A coaching change hasn’t provided the intended spark for the Ottawa Senators, who have lost six straight games going into a home game Saturday against the Pittsburgh Penguins.
The Senators have lost two in a row since Jacques Martin replaced D.J. Smith as coach.
They are coming off a 6-4 loss Thursday against the Colorado Avalanche in which they blew a two-goal lead by allowing four unanswered goals.
“It’s hard to look at positives right now,” Ottawa captain Brady Tkachuk said. “It’s a pretty (crappy) feeling. Don’t think I’ve ever felt worse in my life. It’s not fun right now.”
Tkachuk, who led his team with nine shots against Colorado but had no points and was minus-2, feels a strong sense of responsibility. He leads his team with 14 goals and is fifth with 21 points, but he has only a goal and an assist and is minus-7 over his past eight games.
“At the end of the day, it kind of starts with me as a leader,” he said. “I’ve got to do a better job individually. I’m not there. I’m not playing where I need to be playing, and I feel like it’s trickling down. It’s on me.”
Martin let his team off the hook by pointing to a few positives from Thursday’s loss.
“In the second and third period, I really liked what I saw. … We did some good things,” he said. “We were better on the forecheck and moving the puck.”
It was Colorado’s star who did in the Senators Thursday. Nathan MacKinnon had four goals, including two in that four-goal run.
After facing MacKinnon, the Senators must contend with MacKinnon’s good friend and fellow Cole Harbour, Nova Scotia native Sidney Crosby.
Crosby, at 36, continues to be Pittsburgh’s heartbeat, its captain and best player.
“You can look at different things, but as a player, as a whole, he’s still No. 1,” Penguins defenseman and another future Hall of Famer Erik Karlsson told The Athletic.
“He has been since at least I entered the league, and I would take him with my first choice if I started a team.”
Thursday, Crosby scored Pittsburgh’s only regulation goal and the only goal in a shootout to lift his team to a 2-1 win over the Carolina Hurricanes for its fourth win in five games.

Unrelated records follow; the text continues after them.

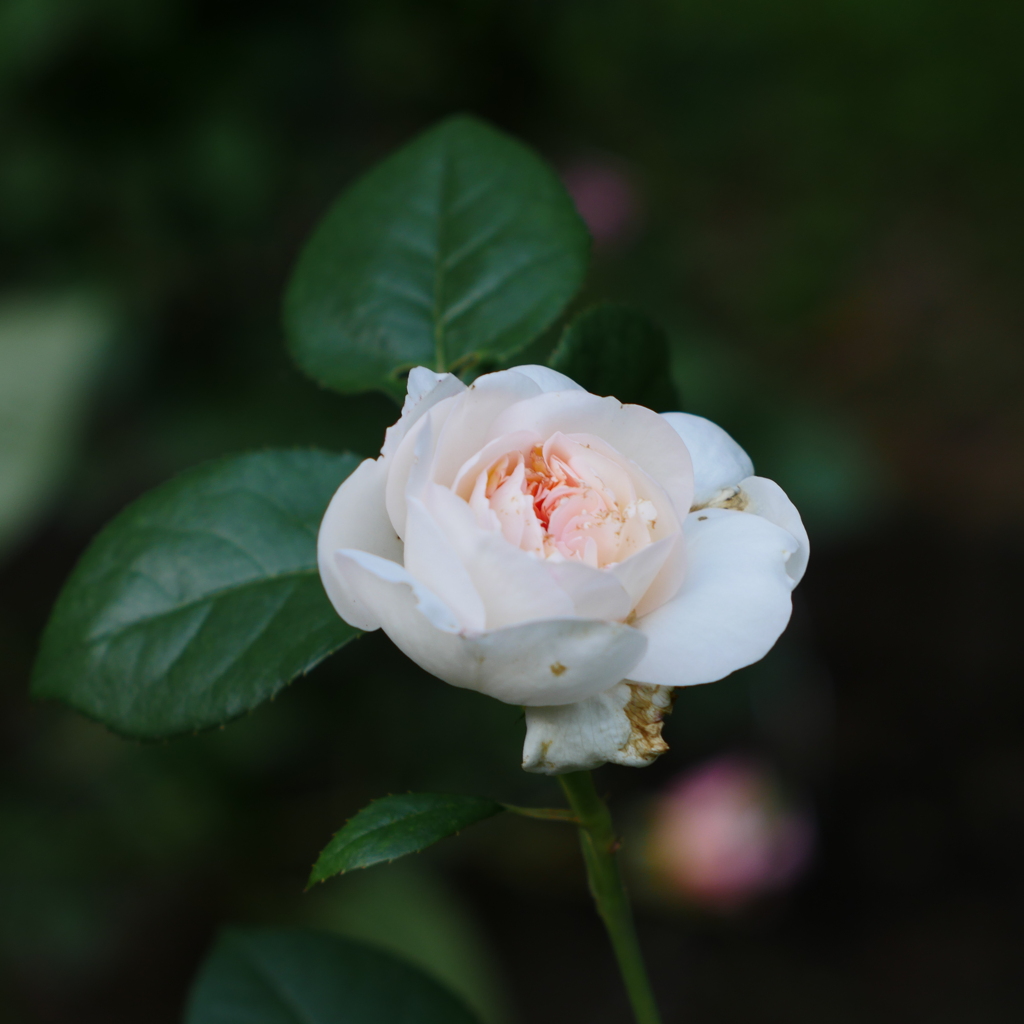 薔薇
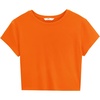 image:imageStelle Womens Short Sleeve Crop Tops Crewneck Basic T Shirts Cute Going Out Baby TeeOrange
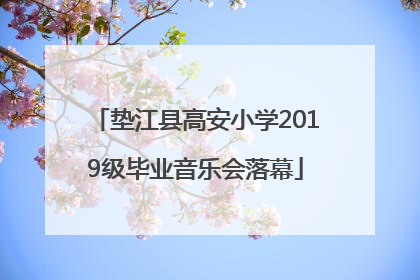 垫江县高安小学2019级毕业音乐会落幕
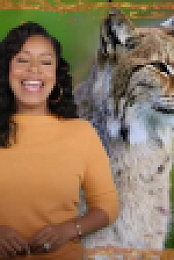 Wild Child S04E05 XviD-AFG EZTV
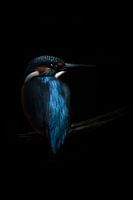 Moody ijsvogel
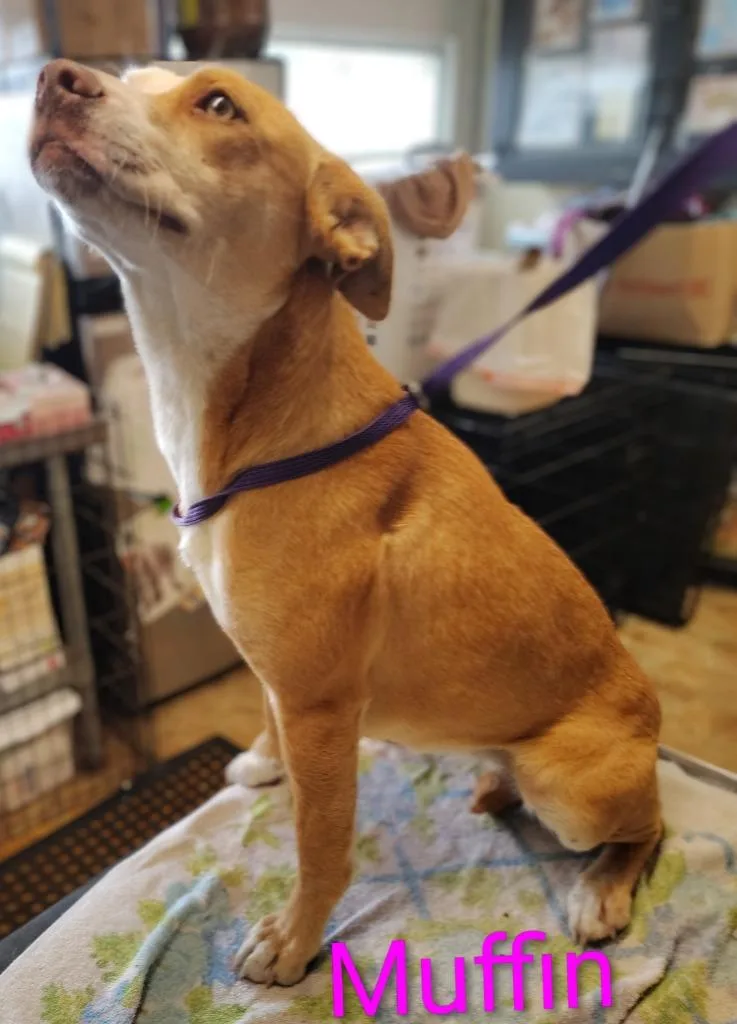 A young medium-sized female Beagle dog named Muffin for adoption in Mena, AR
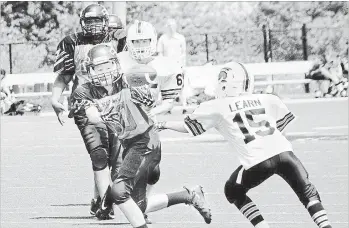  ?? ED TELENKO ?? St. Catharines Seahawk Quinn Johnston catches a pass in a bantam game against Niagara Falls Argos at Kiwanis Field in St. Catharines.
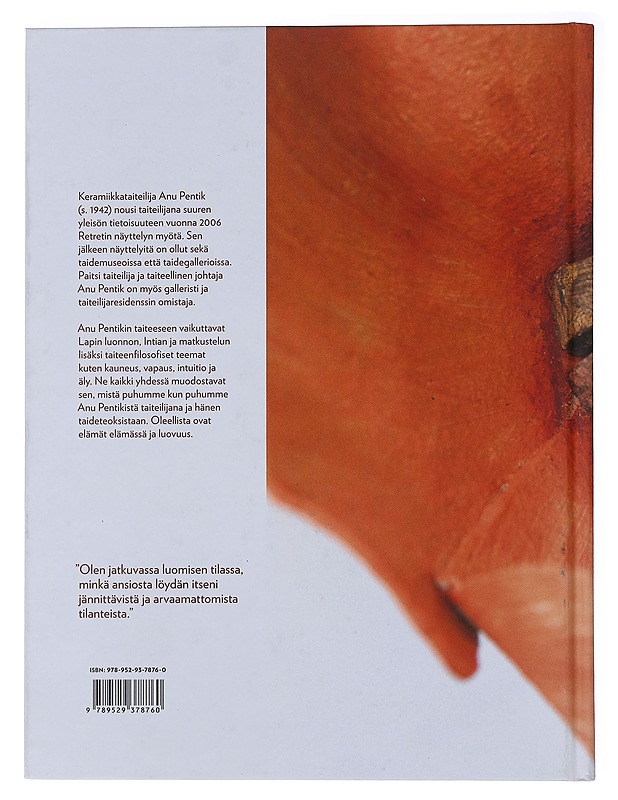 Anu Pentik : palo taiteeseen - Pentik, Anu - Taide- ja kulttuurikirjat - 10105496160 - 1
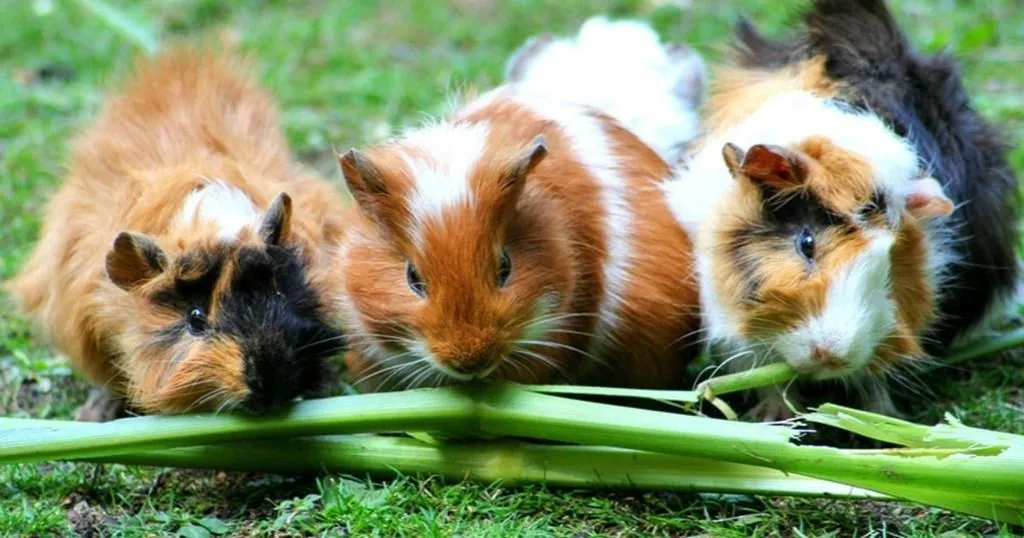 How wild cavies and domesticated guinea pigs differ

He leads the team and ranks in the top five in the NHL with 19 goals, to go along with 15 assists, putting him on pace to finish with 50 goals and 90 points. In a career highlighted by three Stanley Cups, Crosby has reached the 50-goal mark just once, when he was 22.

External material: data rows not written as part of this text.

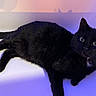 black_cat, cat, feline, pet, animal, lying_down, lounging, green_eyes, pointed_ears, whiskers, collar, indoor, portrait, close_up, dramatic_lighting, purple_background, blue_lighting, fur, relaxed, photography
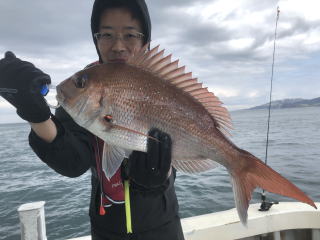 真鯛釣り　鯛サビキ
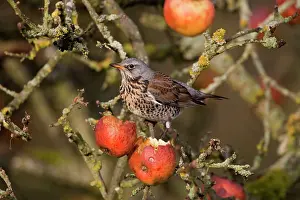 Fieldfares: Fieldfare - feeding on apples in garden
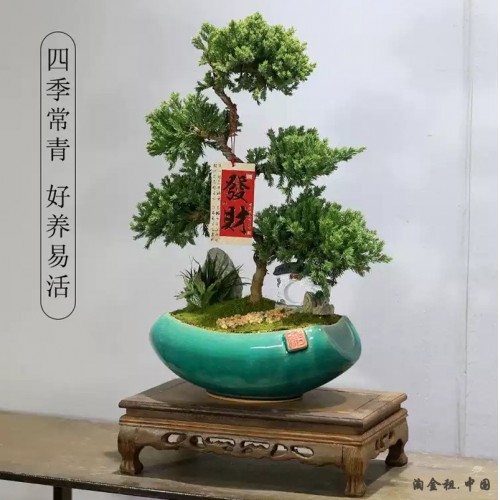 五层塔松盆栽造型盆景植物室内茶室办公室桌面绿植乔迁新居送礼物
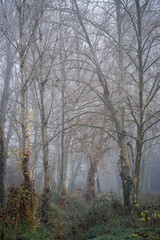 Fototapeta na wymiar tall Oriental plane tree forest, dense undergrowth and dense fog catalonia, spain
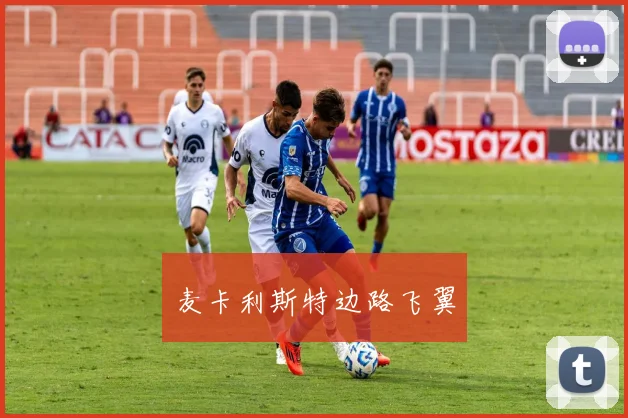 麦卡利斯特边路飞翼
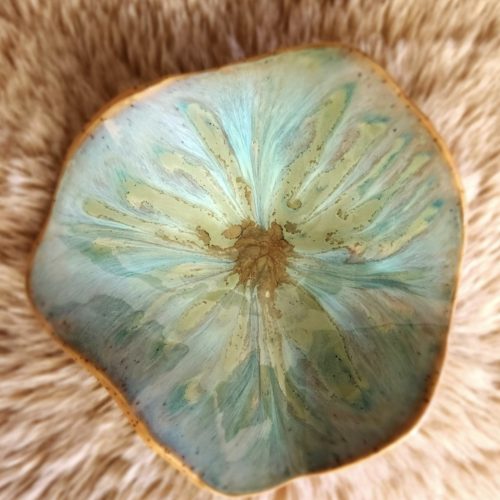 Screenshot_20260313_133437_Gallery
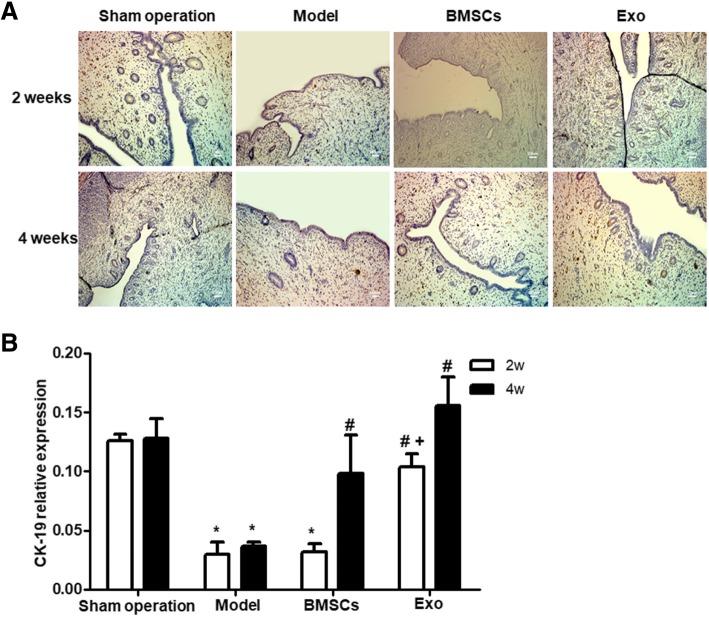 https://cdn.ncbi.nlm.nih.gov/pmc/blobs/e2de/6664513/7063d2db473f/13287_2019_1332_Fig5_HTML.jpg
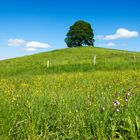 Berg(blumen)wiese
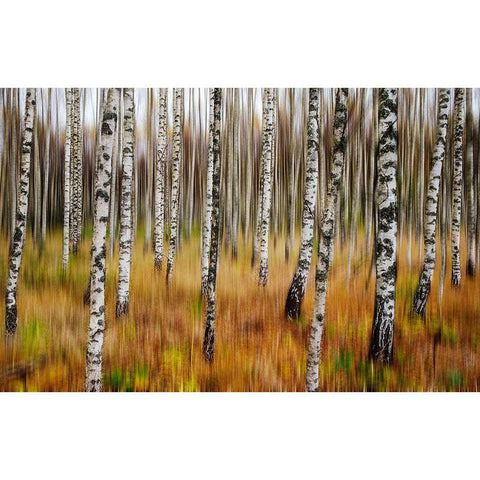 3D Birches White Modern Wood Framed Art Print by Soderman, Par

As Karlsson noted, Crosby also continues to play a strong 200-foot game and see the ice at a level reserved for the elite.
“He knows how to adapt in games and in situations,” Karlsson said.

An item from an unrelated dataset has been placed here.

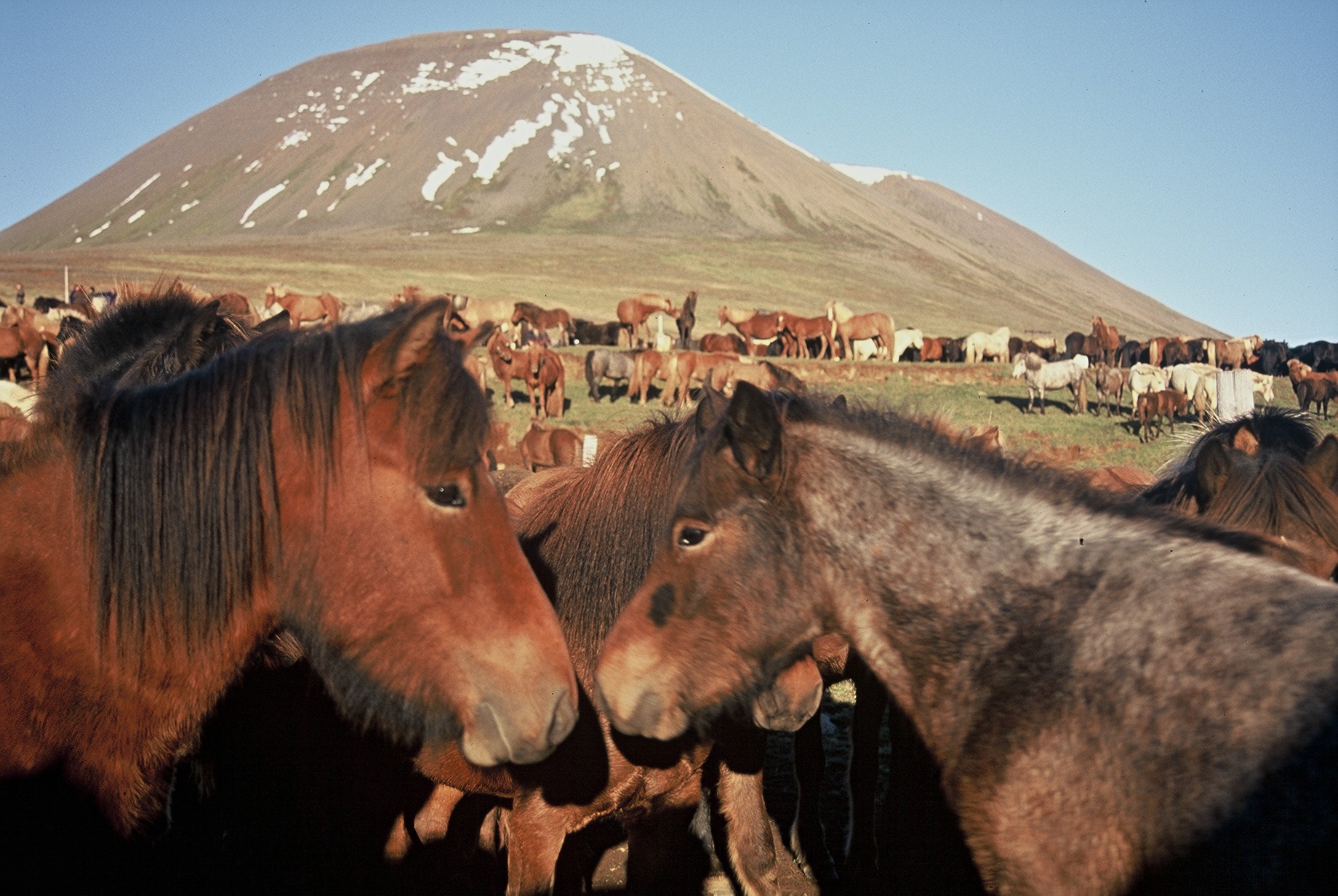 Vinsælustu hestanöfnin eru Perla og Blesi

Crosby noted that it wasn’t just him who adapted against Carolina. In a tight game — and with the Penguins going 0-for-5 on the power play, including one in overtime — the team found the right mix of strong defense with a continued push offensively at even strength.
“We did a good job (of staying patient), and we still generated chances with that,” Crosby said.